Shifting the democratic paradigm

As socialists, I’m happy to be read by liberals, or even Tories, but I am clear I am writing for those who self-identify as socialists first and foremost. But, as socialists we need to stop being so timid in our views. More importantly, with “democracy” absorbing so much of our energy, we need to promote a paradigm shift in democratic theory. That means understanding that the poor quality of political representation we endure is not a moral failure of our reps – though to be fair, it’s often that as well – but is a side effect of the system itself. People enter public office very often with good intentions but the systems they are working within are designed to thwart those intentions. Of course, in theory, we could elect 650 socialists to Westminster and, in theory (putting aside the House of Lords for a moment) those socialists could abolish the House of Commons and replace it with workers councils or some other form of decision-making forum. My point though is that the tendency is for parliament to change those who enter it, more than they change parliament. Though to be fair, the Labour women who entered in 1997 did manage to get rid of the House of Commons barber and replace him with a hairdresser instead. Or to be precise, they changed a male hairdressers into a unisex one.

Nicholas Dickinson, an academic, makes the following observation in a paper aimed at reforming, not abolishing, the British Parliament: “experienced from the point of view of a new member, entering a new institution presents the problem of adapting to a predetermined role while retaining a sense of the purpose for which one joined. Parliaments face these problems in a particularly acute form, with new members entering in large groups at a time of maximum institutional disruption around elections.
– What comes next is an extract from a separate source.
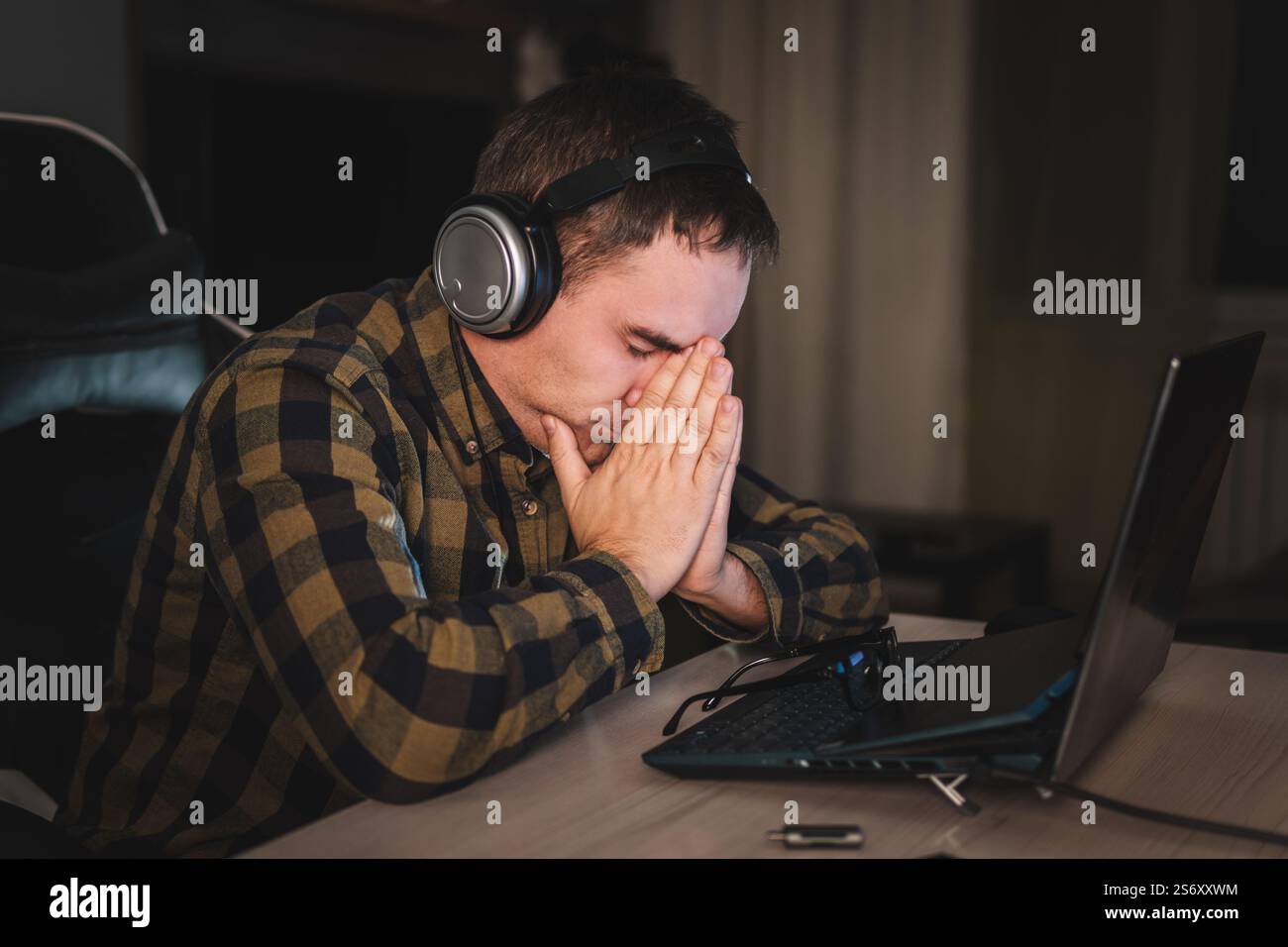 Mann, der arbeitet, hält Kopfschmerzen von Schreibtisch Arbeit und Sitzen den ganzen Tag mit Laptop-Computer leidet Kopfschmerzen kranke Arbeiter überarbeiten Konzept. Auge Stockfoto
Most of these new members have little or no previous experience as legislators at a national level, but frequently do possess a strong sense of mission and a desire to make change.” His conclusion that new MPs are socialised by their party in order to “change behaviour in ways relevant to party loyalty,” is interesting for it is strongly suggestive that even an independent minded MP is likely to succumb to pressure from the whips to conform.
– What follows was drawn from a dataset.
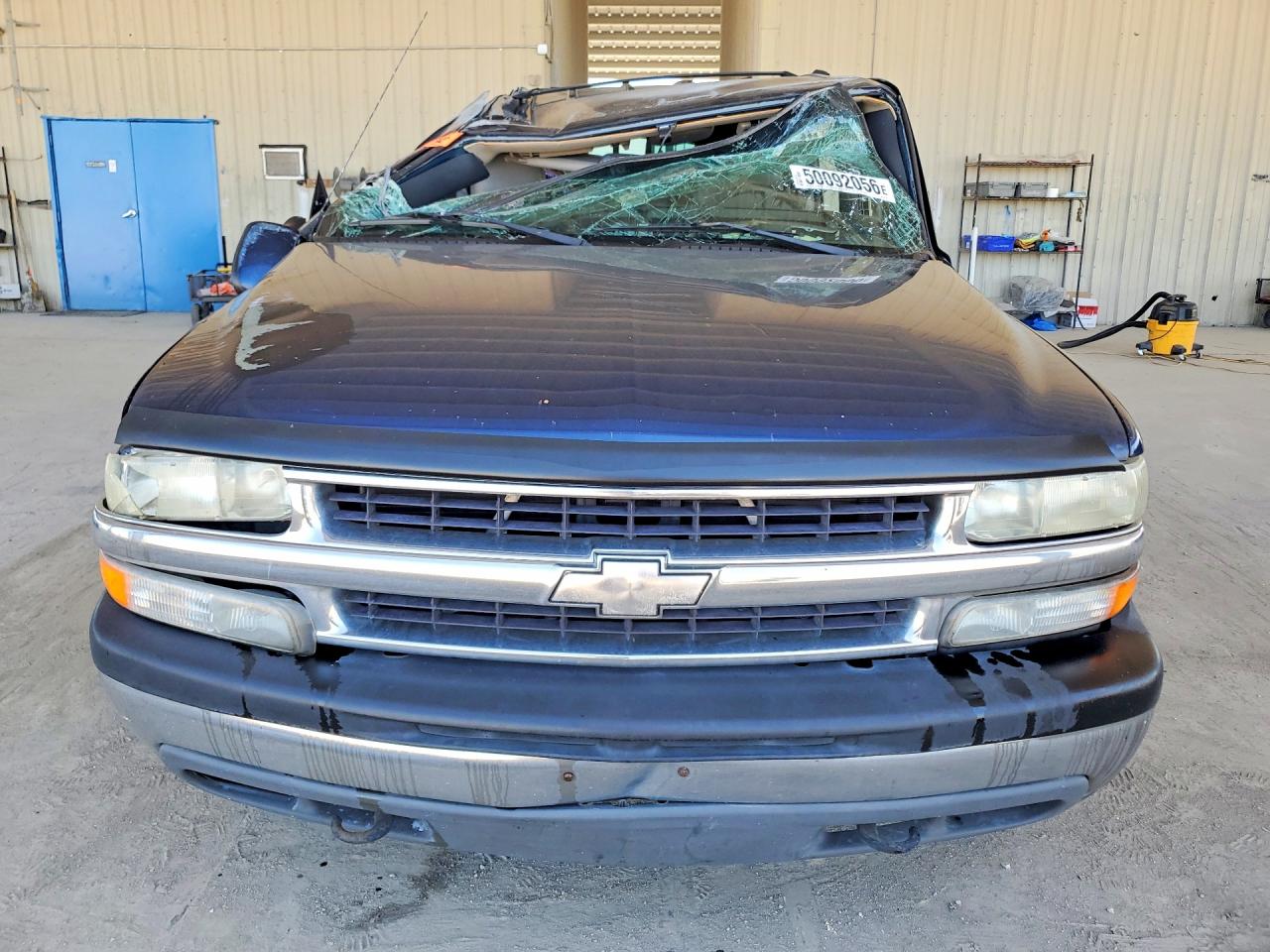 2001 CHEVROLET SUBURBAN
As Tom O’Grady has put it in relation to the Labour Party’s growing army of ‘careerist’ MPs: “They are more willing to take policy positions for strategic political reasons (such as gaining the favour of certain sections of the electorate) or to help advance their political career, and they are more instinctively loyal to the party leadership. Hence careerists have lower relative ideological support for left-wing policies, and their ideologies are less important in determining their stances in the first place.”

The point being that as politics has shifted from being a vocation motivated by public service to a career option for a particular cohort of middle class individuals so the opportunities to promote left-wing causes through parliament has diminished. In short, changing the method by which those careerists are chosen will do nothing to change the fact that most of them care less about particular policies than the satisfaction of their own career goals.

They may well have “a desire to make change” but when confronted with the reality that adopting radical positions is not a good career choice will do what people in all bureaucracies do – conform to the rules in order to secure their own personal well-being even if that means abandoning the people who put them there in the first place.

How representative are our representatives

It is not just that our so-called ‘representative’ democracy marginalises all but a tiny elite, but that the elite, no matter how chosen, is not particularly representative of the people it supposedly serves. In December 2019, shortly after the U.K. General Election the Sutton Trust noted: “while there have been big political changes in the House of Commons, the educational background of the country’s MPs has stayed remarkably consistent. Before the election, 29% of MPs attended private school – four times higher than the rate in the general population. And after the election that figure hasn’t budged, still standing at 29%.”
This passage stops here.